# Elan 37 review



## kiwi_sailor (Dec 3, 2013)

Does anyone have any experience or comments on the construction of Elan yachts? I am considering purchasing a 2004 Elan 37 yacht and it would be good to know about how they are constructed and how they compare to other european yachts. Purpose is primarily for cruising.


----------



## PCP (Dec 1, 2004)

That is a good boat with similar performance to other performance cruisers of that vintage. Fast for a cruising boat. I don't know of any specific problems related with that boat. The Elan 37, as you probably noticed, has a good cruising interior for that type of boat, better than the one of a First 36.7 and similar to the one of a Salona 37 in what regards cruising.

Some information:

http://www.palstek.de/wp-content/uploads/2009/04/Elan_37.pdf

http://www.sail-world.com/Europe/index.cfm?SEID=0&Nid=33946&SRCID=0&ntid=0&tickeruid=0&tickerCID=0

http://www.humphreysdesign.com/767/elan-37/


----------



## MrPelicano (Aug 17, 2012)

PCP said:


> That is a good boat with similar performance to other performance cruisers of that vintage. Fast for a cruising boat. I don't know of any specific problems related with that boat. The Elan 37, as you probably noticed, has a good cruising interior for that type of boat, better than the one of a First 36.7 and similar to the one of a Salona 37 in what regards cruising.

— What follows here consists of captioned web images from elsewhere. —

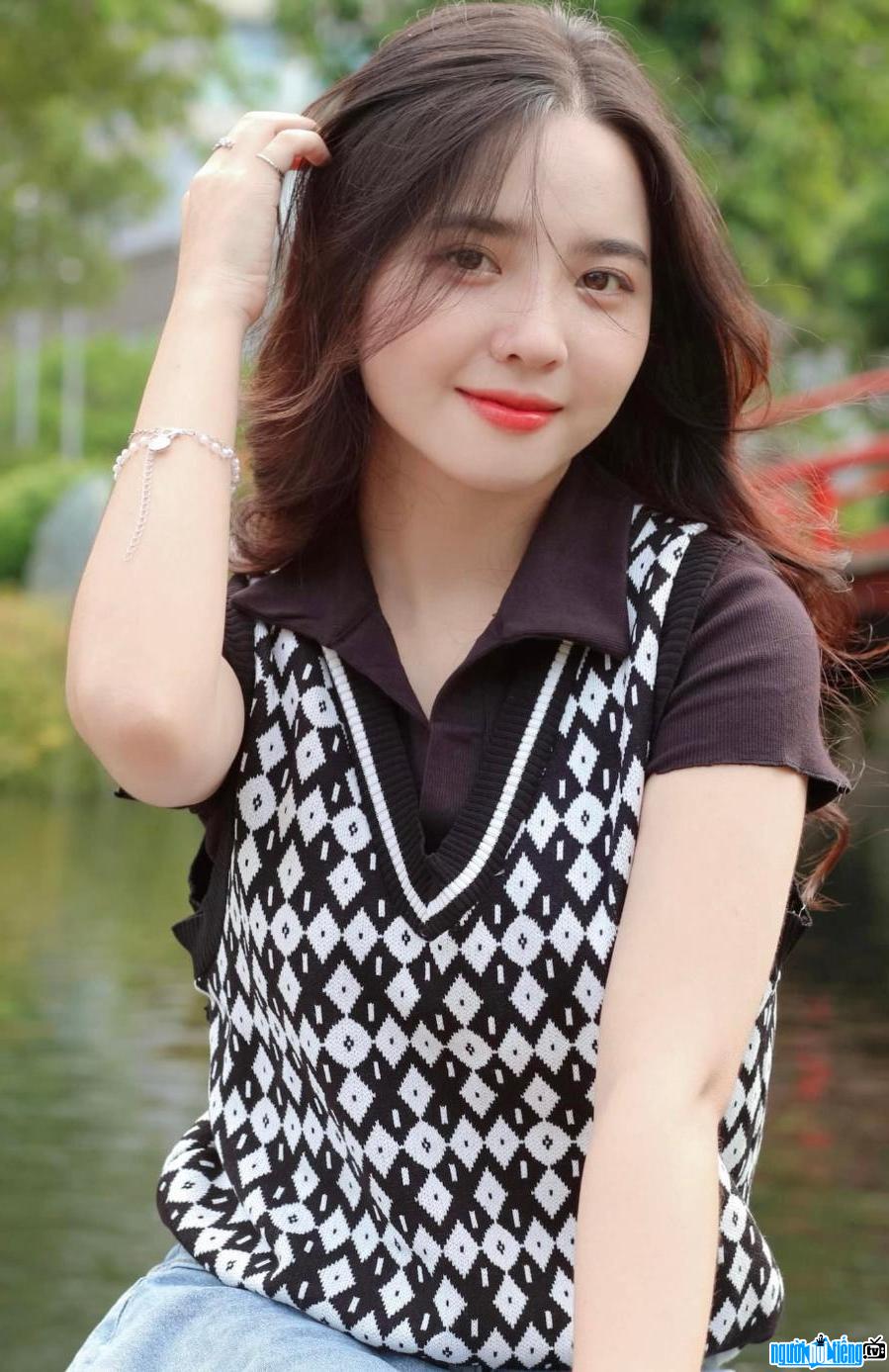 Cindy có gương mặt xinh đẹp và thần thái cuốn hút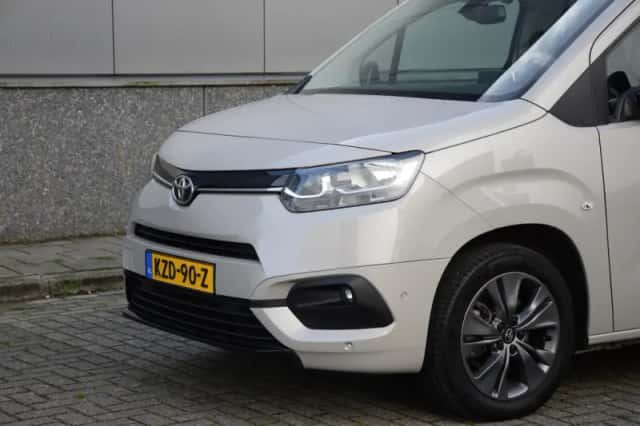 Toyota ProAce City Verso (2022) thumbnail 3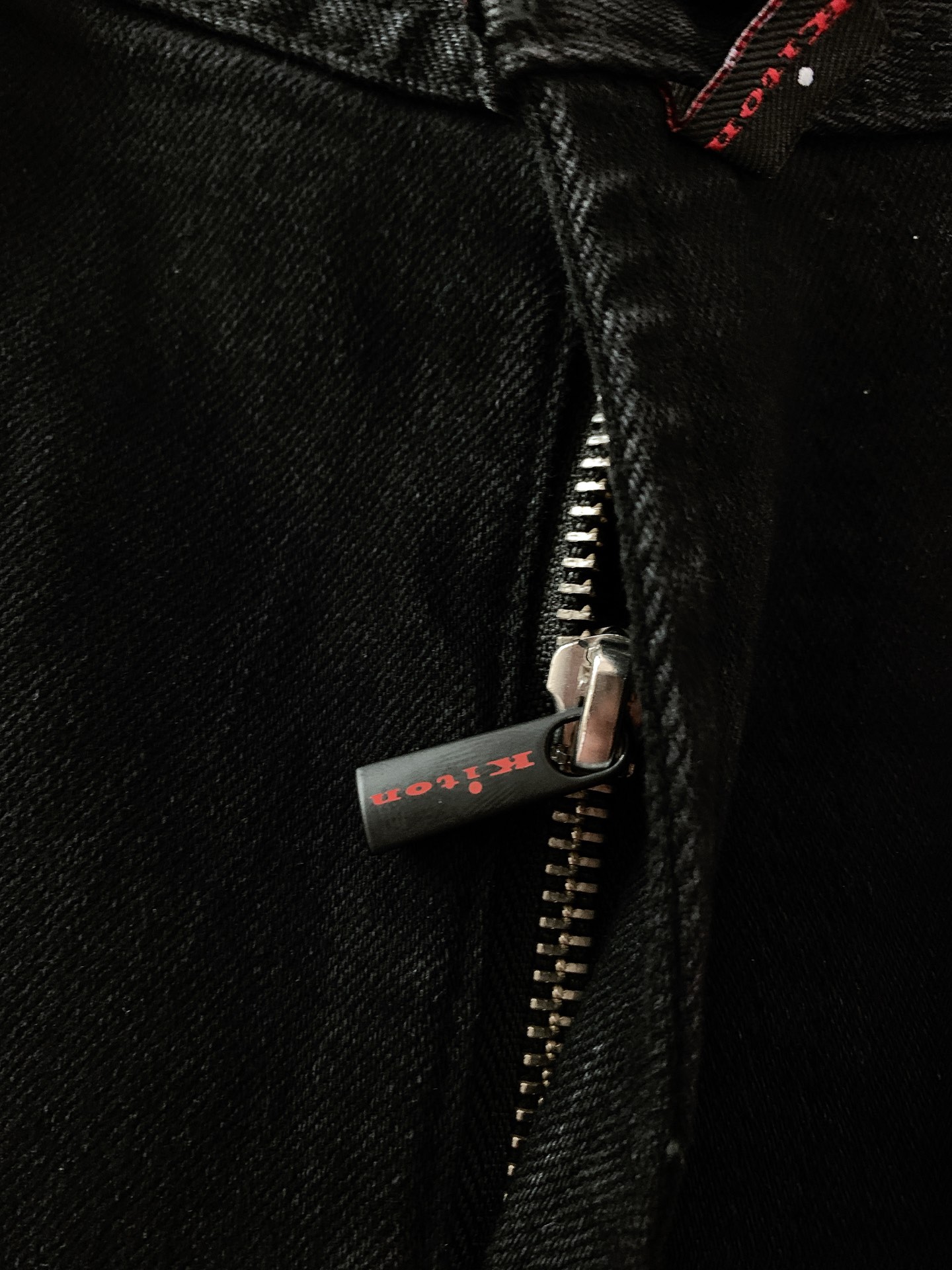 
Kiton 奇顿 2025FW早秋新品 
时尚休闲牛仔裤👖细节尽显奢华格调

FWIW, I've sailed on a 2004 Elan 40, which is quite similar to the Elan 37, and the boat was very well built and extremely competitive under IRC in San Francisco Bay. I believe it won its IRC class in the Rolex St. Francis YC Big Boat Series at least once, and was regularly at the top. Routinely raced in big breeze (25+ knots) and quite tough. Comfy below, as well... actually, too comfy for me, but that's just a matter of personal taste (I prefer unpainted carbon interiors and minimal furniture  ).

Don't know if that boat ("Tupelo Honey") is on the market, but you might inquire with the owner. It's totally dialed-in and probably has a pretty deep Quantum sail inventory. PM me if you want owner's contact info.


----------